Question

Using euclid didvuson algorithm find hcg and lcm of the no. 867 and 255

Answer 1

Question:

Using Euclid's division algorithm find HCF and LCM of the number 867 and 255.

Answer:

The HCF(867,255) is 51 and LCM (867,255) is 44,217.

Step-by-step explanation:

Given two numbers as,

867 and 255

To find,

HCF and LCM(867,255) = ?

Since, 867 > 255, by using Euclid's division lemma to 867 and 255 to get,

867 = 255 * 3 + 102

Since, r ≠ 0, therefore, by using Euclid's division lemma to 255 and 102 to get,

255 = 102 * 2 + 51

Since, r ≠ 0, therefore, by using Euclid's division lemma to 102 and 51 to get,

102 = 51 * 2 + 0

Since, r = 0, therefore, the divisor of last step will be the HCF of the given two numbers.
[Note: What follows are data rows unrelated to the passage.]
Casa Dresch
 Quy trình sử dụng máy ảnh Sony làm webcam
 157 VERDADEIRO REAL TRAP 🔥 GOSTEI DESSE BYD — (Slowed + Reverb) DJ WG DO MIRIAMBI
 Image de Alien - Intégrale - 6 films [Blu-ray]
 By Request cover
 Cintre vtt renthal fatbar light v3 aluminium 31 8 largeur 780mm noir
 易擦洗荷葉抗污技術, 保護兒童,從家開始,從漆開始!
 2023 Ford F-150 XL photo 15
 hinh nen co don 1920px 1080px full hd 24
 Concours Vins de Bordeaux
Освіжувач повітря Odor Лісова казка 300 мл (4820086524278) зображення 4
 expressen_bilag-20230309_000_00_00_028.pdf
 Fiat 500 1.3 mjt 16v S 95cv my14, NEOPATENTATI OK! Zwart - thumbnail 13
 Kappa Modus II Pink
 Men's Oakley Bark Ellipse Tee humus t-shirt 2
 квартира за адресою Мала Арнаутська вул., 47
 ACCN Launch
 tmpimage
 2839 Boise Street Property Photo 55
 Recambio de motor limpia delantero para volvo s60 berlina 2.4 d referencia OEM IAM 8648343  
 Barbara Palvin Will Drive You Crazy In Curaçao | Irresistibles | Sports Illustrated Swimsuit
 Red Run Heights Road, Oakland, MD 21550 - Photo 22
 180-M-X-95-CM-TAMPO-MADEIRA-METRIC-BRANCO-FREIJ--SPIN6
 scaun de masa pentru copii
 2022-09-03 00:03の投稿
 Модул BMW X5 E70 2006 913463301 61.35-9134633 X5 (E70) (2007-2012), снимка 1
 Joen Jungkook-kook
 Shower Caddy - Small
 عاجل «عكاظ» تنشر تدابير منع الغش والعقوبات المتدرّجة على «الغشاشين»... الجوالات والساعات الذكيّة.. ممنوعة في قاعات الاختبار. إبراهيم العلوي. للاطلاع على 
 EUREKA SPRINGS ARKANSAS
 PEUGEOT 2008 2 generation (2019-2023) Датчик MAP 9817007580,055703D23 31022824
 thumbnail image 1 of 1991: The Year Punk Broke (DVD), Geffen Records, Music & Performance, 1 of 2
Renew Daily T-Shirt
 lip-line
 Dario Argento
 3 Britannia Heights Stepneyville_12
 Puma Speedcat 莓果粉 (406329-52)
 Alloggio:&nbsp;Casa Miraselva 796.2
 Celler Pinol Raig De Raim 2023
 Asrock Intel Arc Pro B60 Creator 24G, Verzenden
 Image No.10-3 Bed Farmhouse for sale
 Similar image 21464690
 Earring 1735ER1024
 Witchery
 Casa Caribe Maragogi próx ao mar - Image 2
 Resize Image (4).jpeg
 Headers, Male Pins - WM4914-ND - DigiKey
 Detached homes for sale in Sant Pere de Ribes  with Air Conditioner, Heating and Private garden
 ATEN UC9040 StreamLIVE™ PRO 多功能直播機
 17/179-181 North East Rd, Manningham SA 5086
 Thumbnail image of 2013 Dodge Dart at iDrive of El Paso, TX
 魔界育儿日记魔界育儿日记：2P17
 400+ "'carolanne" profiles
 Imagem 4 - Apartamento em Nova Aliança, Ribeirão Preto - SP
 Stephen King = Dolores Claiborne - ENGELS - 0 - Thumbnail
$\boxed{\bold{HCF(867,255)\:is\:51.}}$

For LCM,

By using the following formula,

LCM * HCF = Product of given two numbers

As HCF(867,255) = 15,

LCM * 15 = 867 * 255

LCM * 15 = 221,085

LCM = $\frac{221,085}{15}$

LCM = 44,217

$\boxed{\bold{LCM(867,255)\:is\:44,217}}$

∴ The HCF(867,255) is 51 and LCM (867,255) is 44,217.